For example my workflow now with Cursor is to keep relevant code in spearate tabs even though I don’t work on the files. I found it makes the autocomplete better as at seems to me that all the active tabs are fed to the model. That means less space for me and more distraction. Glean might here.
PessimalDecimal 182 days ago
Google's equivalent to this is Kythe (https://kythe.io/). Earlier today I had noticed that Kythe ripped out its support for indexing Rust code and wondered what alternatives might exist. So iinteresting to see this right now! And it looks like it supports Rust (albeit via rust-indexer).
rockwotj 183 days ago
Is there any UIs for this available openly? Or for glass? I am a former Googler and I know how awesome this kind of tooling is and it’s so hard to achieve with OSS. I would love open source code search. This seems very close but there is no UI layer (and it seems like meta uses this for code review and for IDEs) but a basic UI would be a good start
[-]
- pepeiborra 182 days ago
  Some people use the Glass command line client to integrate with Emacs/Vim/VSCode. Internally we have an LSP server that queries Glass, but it's not open source and some work would be needed to extract it. The only non trivial thing it does is position mapping to account for local changes.
  The integrations for code review and symbol search are both built for internal tools and not amenable to open sourcing.
  FWIW I agree that the lack of open source integrations are the main barrier for external adoption
  [-]
  - rockwotj 182 days ago
    Yeah understood that the internal meta stuff would be too tied up with internal infra to be OSS, it’s the same with a lot of Google’s tooling here.
    I do wish there was a startup here. There is sourcegraph, which has ok code search (github has come a long way, but without indexing and understanding the build you can’t do it justice). There are also cool code review startups like Graphite, but they don’t work together. I remember how powerful it was to review a change then go use an xref to see how a function is used that is untouched in a code review, so does not show in the diff, which requires checking out the changes locally in OSS land and context switching to leave comments.
YetAnotherNick 183 days ago
There are already 3 popular products with name glean with domains as .com, .ai and .co. This is glean with .software.
jepler 183 days ago
My mind just balks at the idea of having so much source that a 2020s computer could take hours to index it. ctags is nothing special (both in terms of optimization but also the level of detail it gets to: just global function identifiers) and looks like it runs at about 400MB/s on a single core of an i5-1235U. But still it looks ctags could process about 100TB in 4 hours across 16 threads on a workstation class CPU...
[-]
- DylanSp 183 days ago
  It sounds like the indexing time/complexity is increased a lot by the amount of detailed data they're storing. They mention determining which `using` statement is used to resolve each symbol reference in C++ source, to enable dead code detection; that's going to require some sophisticated analysis.
  [-]
  - menaerus 182 days ago
    Correct, you need to build an AST representation of the code that you want to index. Essentially, it's a compiler frontend pass and which is why it takes so much longer than what ctags heuristics do. Now think millions of lines of code, multiple build configurations, the amount of RAM you need, etc. Multiple branches, or even smaller revisions/commits, is also a big computation problem.
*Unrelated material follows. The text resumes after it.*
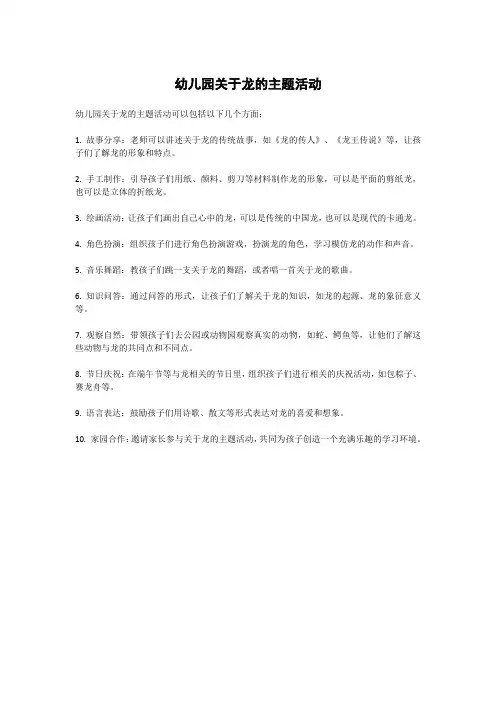 幼儿园关于龙的主题活动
    That said, Glean seems to be reusing the indexer from LLVM/clang for C and C++.
    > The C++ indexer ("the clang indexer") is a wrapper over clang. The clang indexer is a drop in replacement for the C++ compiler that emits Glean facts instead of code. The wrapper is linked against libclang and libllvm.
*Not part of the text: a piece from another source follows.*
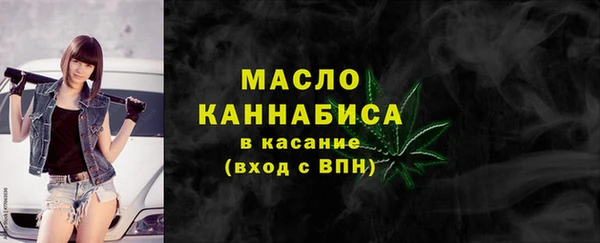 ALPHA-PVP Заволжье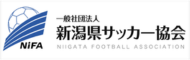 一般社団法人 新潟県サッカー協会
    [1] https://glean.software/docs/indexer/cxx
- UltraSane 183 days ago
  The whole point of indexing data is to perform very expensive computation once and leverage the result many many times and it works really well.
- phyrex 183 days ago
  It's a mono repo across a dozen languages (good luck with ctags) that tens of thousands of developers commit to every day. Even if you'd spend the hours indexing it locally, it would be out of date right away.
- kllrnohj 183 days ago
  You kinda said it yourself already - ctags is fast because it's producing almost nothing of value. Being fast at doing nothing isn't impressive.
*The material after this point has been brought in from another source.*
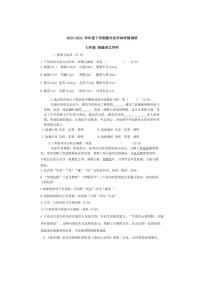 [语文][期末]辽宁省沈阳市第七中学协作体2023～2024+学年七年级下学期期末学情调研语文试卷(有答案)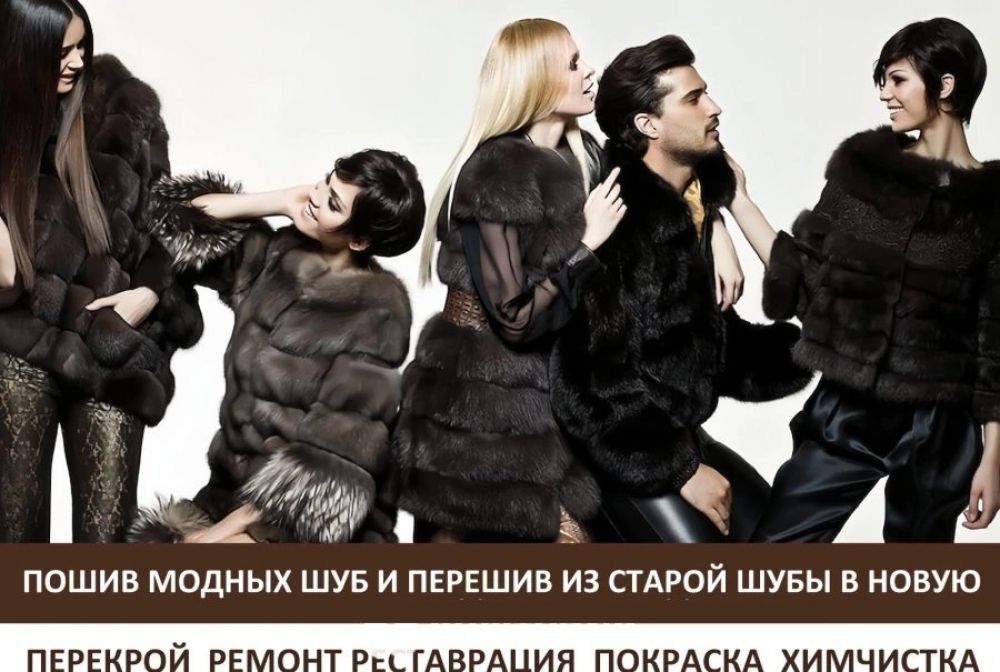 Ателье меха и кожи Донецк. Переделка пошив ремонт Химчистка покраска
  Try doing the same with C++ and more indexing options enabled, such as with something like universal-ctags, and a larger code base, say Android's repository aught to do it. Are you still getting 400MB/s? Nope.
tonymet 183 days ago
my favorite feature of code indexing at FB was how well integrated it was. Web search, cli search and IDE search all used the search index, but would reference your local context. This was useful for reference, call stack, dead code search.
e.g. search results from ide search would link back to your local file. CLI results would reference your local clone.
A great example of a small feature resulting in great usability.
[-]
- Nathanba 182 days ago
  By IDE search do you mean that it was using glean even in your local vscode? Does glean therefore work in combination with LSPs, because scip says that code modifications are a non-goal and now I wonder why somebody would create such a big tool only for local code to still just use LSPs and never use the server version of code navigation (scip or glean).
  [-]
  - tonymet 182 days ago
    It used the server version and references mapped back to the local clone when you clicked on a result.
archy_ 182 days ago
When I read about these things, I cant help but wonder if anybody took a step back and thought "maybe we just have too much code"?
At some point, perhaps you're just doing too much
[-]
- nthingtohide 182 days ago
  There isn't too much code till the point we have automated asteroid mining.
- dboreham 182 days ago
  Career limiting thoughts.
  [-]
  - sangnoir 182 days ago
    Product and profit limiting too, if you're deleting profitable code for aesthetic reasons.